Jade écrivait pour un quotidien régional. Assignée pendant plusieurs années à la rubrique faits-divers et chats écrasés, elle avait enfin reçu la promotion tant attendue. Elle avait à présent le privilège de participer à la chronique « Ces destinations de vacances qui nous font rêver» publiée chaque dimanche dans le supplément qui accompagnait le journal. Mais la poisse de mon amie était légendaire... Après quelques jours passés au sud de la Floride, sur l'archipel des Keys, elle était revenue avec un article dont elle était fière et une carte SD pleine à craquer de photos pour l'illustrer. Carte qu'elle avait accidentellement formatée le lendemain de son retour, perdant ainsi la moitié de son travail.

Heureusement pour Jade, j'avais pris des tonnes de photos lors de mon séjour à Key West, six ans plus tôt. Si les îles avaient sûrement changé entre temps, leurs plages de sable fin restaient les mêmes.

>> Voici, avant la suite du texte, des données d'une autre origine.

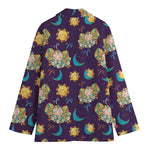 Cute Cartoon Aries Pattern Print Women's Cotton Blazer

Mon obsession pour la photographie amateur, qui jusque-là ne servait qu'à prendre de la place sur mes disques durs, trouverait enfin un sens. A condition de retrouver où étaient stockées les dites photos...

Après avoir fouillé mon appartement de fond en comble, j'avais dû me rendre à l'évidence : je ne les trouverais pas ici. J'avais donc fait le trajet jusqu'à chez mes parents la veille pour récupérer une partie des affaires que j'avais laissées derrière moi lorsque j'avais quitté le domicile familial. Mon salon minuscule ressemblait à présent à un vide-grenier. Les sauvegardes de mon vieil ordinateur se trouvaient sûrement quelque part parmi cette pile de souvenirs que je n'avais pas particulièrement envie de ressasser. Qu'est-ce je n'aurais pas fait par amitié...

– Je crois que j'ai trouvé ! s'écria soudain Jade en brandissant un objet rectangulaire
argenté couvert de poussière. Maintenant on croise les doigts pour qu'il marche encore, sinon je suis bonne pour piquer des photos sur Google... et me faire virer dans la foulée pour non-respect des copyrights.

Pendant que mon amie tentait de connecter le Saint Graal à son ordinateur portable, je continuai à mettre un peu d'ordre autour de moi. J'étais en train de parcourir de vieilles lettres quand j'entendis un cri de satisfaction retentir.

– Périphérique connecté ! Oh yay baby ! J'ai jamais été aussi excitée de voir ces mots s'afficher sur mon écran ! Je le sens bien !

Je la regardai s'agiter avec amusement avant de me replonger dans ma lecture. Jade était aussi expansive que j'étais discrète. Nous nous connaissions depuis un petit moment maintenant et j'appréciais toujours autant son extravagance et son côté enjoué. Nous avions énormément de passions communes et nous pouvions passer des heures à bavarder sans voir le temps passer. Elle me faisait mourir de rire avec son humour désastreux, il n'y avait rien de mieux pour illuminer mon quotidien.